Cuando tu apodo es The Enforcer… bueno, probablemente pertenecés a esta lista. Maurice Lucas fue un excelente ala pivot, muy buen defensor y reboteador, que se encargaba del trabajo sucio en los Portland Trail Blazers de los ’70 permitiendo a Bill Walton brillar haciendo lo que este sabía hacer mejor. No es que fuera solamente eso. Jugaría 12 años en la NBA más 3 en la ABA y sería cuatro veces All Star. Pero si es cierto que el intimidar era lo que mejor se le daba. Se hizo famoso tras noquear al enorme-enorme-enorme Artis Gilmore en la ABA. Pero tal vez su mejor momento haya sido durante el segundo juego de las Finales de la NBA de 1977 entre Portland y los 76’ers. Philly había ganado el primer partido y el segundo estaba prácticamente decidido cuando Maurice Lucas se fue a las manos con ese mastodonte que era Darryl Dawkins, dispuesto a chocar con todos los Sixers si era necesario. Como bien dijimos, Philly ganó el juego, pero el momento de la pelea todavía se cita como el punto de inflexión que permitió a los Trail Blazers terminar ganando los cuatro juegos siguientes al hilo.

2 – Rick Mahorn

Tal vez lo que demuestre la importancia de Rick Mahorn en uno de los grandes equipos de todos los tiempos sea el hecho de que la razón por la que perdieron ese nivel extra de calidad que los ponía por sobre los Bulls de Jordan fue cuando el ala pivot fue seleccionado por los Timberwolves en el draft de expansión.
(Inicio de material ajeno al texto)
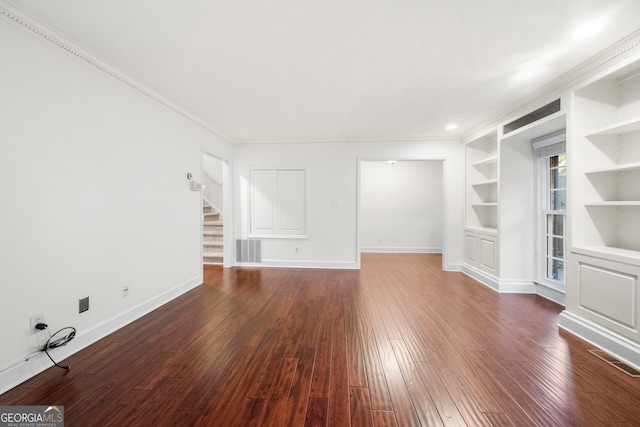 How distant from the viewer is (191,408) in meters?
1.50

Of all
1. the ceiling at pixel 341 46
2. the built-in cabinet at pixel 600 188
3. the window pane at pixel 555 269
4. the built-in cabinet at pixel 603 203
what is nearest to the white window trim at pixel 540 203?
the window pane at pixel 555 269

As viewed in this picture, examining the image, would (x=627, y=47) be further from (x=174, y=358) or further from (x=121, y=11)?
(x=174, y=358)

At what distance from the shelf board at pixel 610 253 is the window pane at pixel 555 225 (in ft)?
3.16

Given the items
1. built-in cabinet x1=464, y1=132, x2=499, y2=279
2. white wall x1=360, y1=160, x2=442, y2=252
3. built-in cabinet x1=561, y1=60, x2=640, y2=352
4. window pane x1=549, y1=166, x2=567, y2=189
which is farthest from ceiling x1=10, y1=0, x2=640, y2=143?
white wall x1=360, y1=160, x2=442, y2=252

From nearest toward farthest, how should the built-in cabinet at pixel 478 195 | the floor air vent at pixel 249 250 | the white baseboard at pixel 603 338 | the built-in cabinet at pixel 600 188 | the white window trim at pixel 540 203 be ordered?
1. the white baseboard at pixel 603 338
2. the built-in cabinet at pixel 600 188
3. the white window trim at pixel 540 203
4. the built-in cabinet at pixel 478 195
5. the floor air vent at pixel 249 250

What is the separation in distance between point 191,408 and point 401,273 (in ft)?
13.1

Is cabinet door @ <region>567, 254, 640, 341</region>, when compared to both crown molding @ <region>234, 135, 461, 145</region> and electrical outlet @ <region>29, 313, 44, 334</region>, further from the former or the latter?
electrical outlet @ <region>29, 313, 44, 334</region>

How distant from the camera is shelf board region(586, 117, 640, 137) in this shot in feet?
6.71

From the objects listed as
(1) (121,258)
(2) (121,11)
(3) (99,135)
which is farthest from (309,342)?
(2) (121,11)

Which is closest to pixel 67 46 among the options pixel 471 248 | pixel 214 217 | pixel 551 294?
pixel 214 217

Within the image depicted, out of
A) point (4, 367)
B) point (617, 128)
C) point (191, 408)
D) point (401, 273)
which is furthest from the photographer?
point (401, 273)

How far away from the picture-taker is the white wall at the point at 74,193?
66.7 inches

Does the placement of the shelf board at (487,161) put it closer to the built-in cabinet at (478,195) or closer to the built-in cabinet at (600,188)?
the built-in cabinet at (478,195)

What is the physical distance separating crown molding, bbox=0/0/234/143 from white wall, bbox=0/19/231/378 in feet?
0.13
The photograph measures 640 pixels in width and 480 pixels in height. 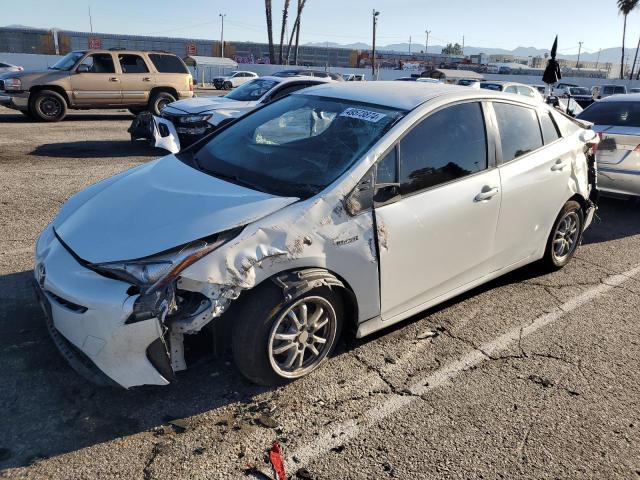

Hasta ese momento, Mahorn había oficiado de golpeador designado en un equipo que hacía de la violencia un modus vivendi grotescamente hipnótico. Todos castigaban a los que osaban penetrar la pintura de los de Motown, pero nadie lo hacía con la fiereza de “McFilthy”. La dinámica que conformaba con su compañero de frontcourt Bill Laimbeer era maravillosa. El pivot era un maestro de los golpes bajos, los insultos y el meterse en la cabeza del rival. Y apenas un contrincante reaccionaba dispuesto a comenzar una pelea, enseguida daba el salto Mahorn para chocar contra el que fuera. Ahora, Laimbeer era el mejor en eso, pero Isiah Thomas y Dennis Rodman eran tan buenos como él en esas triquiñuelas. E indefectiblemente todo terminaba con Rick yéndose a las manos con alguien. No era, en cuanto a condiciones técnicas, un jugador importante en el equipo. Pero en la dinámica de los Bad Boys, era un engranaje clave.

1 – Charles Oakley

Oakley y la violencia, siempre de la mano

Oakley y la violencia, siempre de la mano

El más grande de todos. Oakley saltó a la fama oficiando como guardaespaldas dentro de la cancha para Michael Jordan en los Bulls ochentosos. De hecho, su trade a New York por Bill Cartwright fue la principal razón de que MJ odiara a la dirigencia de Chicago, a Bill y de paso a Horace Grant, quien ocuparía el puesto de ala pivot titular que pertenecía a Oak. Oakley no solamente no le tenía miedo a nadie. Ningún otro jugador inspiró tanto temor a tipos que parecían no ser capaces de sentirlo. Hablamos del tipo que sopapeó a Sir Charles Barkley. Su presencia misma fue la que ofició de piedra basal para construir en New York unos Bad Boys 2.0 con Pat Riley como entrenador (en los que, por cierto, coincidieron tres miembros de esta lista: Oak, McDaniels y Mason). Durante casi dos décadas se paseó por distintos equipos dedicándose, básicamente, a defender a los suyos y atacar a extraños con una furia estremecedora. Y era tan bueno en lo suyo, que luego de retirarse, pasó a formar parte del entourage fijo de Michael Jordan… para ejercer como enforcer suyo en la vida fuera de una cancha de básquet. ¿Se puede ser tan bueno en algo?